収穫作業について尋ねると「拾ったギンナンを大きなビニール袋に入れて足でつぶし、それを川で洗い、さらに専用の洗濯機で洗います」。手間がかかるものだと、ギンナンに対する認識を改めた。
最後に待っているのが天日干し作業。「秋なら3日、今は1週間かかります」。作業場でゴザに載せたギンナンを見せてもらった。乾ききっていないものは「果肉」のオレンジ色が残っている。手で混ぜると独特のにおいが鼻に飛び込んできた。
「うちでは毎日食べています」という佐藤さん。ストーブで焼くのは大変だろうと思ったら、電子レンジで熱を通すことができるのだとか。封筒ギンナンというレシピ名の通り、殻に割れ目を入れ、後は封筒と「チン」だけでいいというのだから簡単この上ない。
殻を取った生のギンナンの皮をはがす方法も教えてもらった。ひたひたのお湯に塩を入れ、2分ほどゆでながらおたまで軽くこすっていくのだそうだ。
「ゆでて冷凍しておけば秋まで持つから便利ですよ」と、ビニール袋に入ったギンナンを見せてくれた。「茶碗蒸しやいため物、煮物、おでんにも使えます。夜尿によいし、体が温まります」と話すように「薬効」も期待できそうだ。
帰宅後、さっそく封筒ギンナンを試した。久しぶりにペンチで殻を割ったため、力が入りすぎて最初はつぶしてしまった。コツをつかめば簡単。「バンバン」という音が聞こえたところでレンジから取り出す。塩をまぶして食べると、懐かしい味がする。
鍋でゆでると、意外に簡単に皮が向けるのでおもしろい。きれいにゆであがった緑色のギンナンを八宝菜に入れた。中華料理店に行ったような豪華さが漂う。次回は子どもたちからリクエストされた茶碗蒸し、くしに刺しておでんにも入れようと思った。
ギンナンは、食べ過ぎると中毒になることがあるので注意が必要。「子どもは年の数まで」と言うらしいが、佐藤家では小さい子は3個までだ。

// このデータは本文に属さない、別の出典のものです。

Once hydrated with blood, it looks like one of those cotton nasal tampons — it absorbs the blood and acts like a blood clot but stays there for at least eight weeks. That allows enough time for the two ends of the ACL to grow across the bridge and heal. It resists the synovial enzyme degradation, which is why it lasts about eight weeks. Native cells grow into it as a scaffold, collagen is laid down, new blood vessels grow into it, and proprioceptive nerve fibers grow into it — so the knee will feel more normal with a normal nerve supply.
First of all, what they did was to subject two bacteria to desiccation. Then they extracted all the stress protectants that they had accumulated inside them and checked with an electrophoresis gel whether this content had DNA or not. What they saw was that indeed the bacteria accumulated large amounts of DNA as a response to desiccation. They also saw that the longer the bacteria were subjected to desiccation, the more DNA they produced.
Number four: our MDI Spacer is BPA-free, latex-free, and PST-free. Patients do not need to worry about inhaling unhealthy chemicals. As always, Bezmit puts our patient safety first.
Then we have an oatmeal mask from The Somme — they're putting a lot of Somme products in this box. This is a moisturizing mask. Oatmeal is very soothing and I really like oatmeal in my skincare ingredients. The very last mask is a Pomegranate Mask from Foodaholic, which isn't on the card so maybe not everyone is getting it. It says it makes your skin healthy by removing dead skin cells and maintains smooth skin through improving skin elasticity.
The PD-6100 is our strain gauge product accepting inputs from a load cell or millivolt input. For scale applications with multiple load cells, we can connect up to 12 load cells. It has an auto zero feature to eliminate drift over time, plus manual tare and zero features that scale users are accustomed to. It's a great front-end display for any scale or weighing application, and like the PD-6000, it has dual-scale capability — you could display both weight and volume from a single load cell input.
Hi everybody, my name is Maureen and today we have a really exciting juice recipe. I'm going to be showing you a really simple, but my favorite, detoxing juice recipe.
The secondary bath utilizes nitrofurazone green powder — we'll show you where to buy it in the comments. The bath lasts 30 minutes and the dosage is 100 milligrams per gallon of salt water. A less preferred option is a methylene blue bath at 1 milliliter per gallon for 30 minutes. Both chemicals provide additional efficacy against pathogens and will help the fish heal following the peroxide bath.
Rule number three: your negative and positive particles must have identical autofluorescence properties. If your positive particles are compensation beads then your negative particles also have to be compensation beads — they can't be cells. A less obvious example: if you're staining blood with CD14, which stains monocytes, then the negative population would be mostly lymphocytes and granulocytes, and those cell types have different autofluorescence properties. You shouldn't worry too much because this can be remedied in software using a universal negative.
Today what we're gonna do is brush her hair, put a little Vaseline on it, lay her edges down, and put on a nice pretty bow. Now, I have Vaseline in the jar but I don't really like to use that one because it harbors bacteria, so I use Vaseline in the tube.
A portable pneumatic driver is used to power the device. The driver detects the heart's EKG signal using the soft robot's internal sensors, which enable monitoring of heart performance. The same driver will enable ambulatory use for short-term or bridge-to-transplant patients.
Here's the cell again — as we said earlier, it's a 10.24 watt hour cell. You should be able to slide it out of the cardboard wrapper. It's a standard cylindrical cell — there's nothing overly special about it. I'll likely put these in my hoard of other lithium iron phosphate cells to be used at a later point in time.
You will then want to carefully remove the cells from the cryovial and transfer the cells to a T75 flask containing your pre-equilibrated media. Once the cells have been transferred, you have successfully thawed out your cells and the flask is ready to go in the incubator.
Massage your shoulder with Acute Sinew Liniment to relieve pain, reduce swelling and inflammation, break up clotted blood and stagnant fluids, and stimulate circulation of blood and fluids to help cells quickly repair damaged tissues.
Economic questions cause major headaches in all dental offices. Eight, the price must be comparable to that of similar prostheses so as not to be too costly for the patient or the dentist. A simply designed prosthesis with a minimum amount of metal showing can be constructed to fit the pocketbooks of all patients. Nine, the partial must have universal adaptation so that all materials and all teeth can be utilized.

佐藤さんのギンナンは、大粒の改良品種は残りわずかで200グラム250円、小粒の在来種は250グラム200円。遊佐町菅里のふらっと=電0234(71)7222=で販売している。
ギンナン、封筒、塩
たくさんのギンナンがはじける音が気にならなければ、割れ目は入れなくともよい。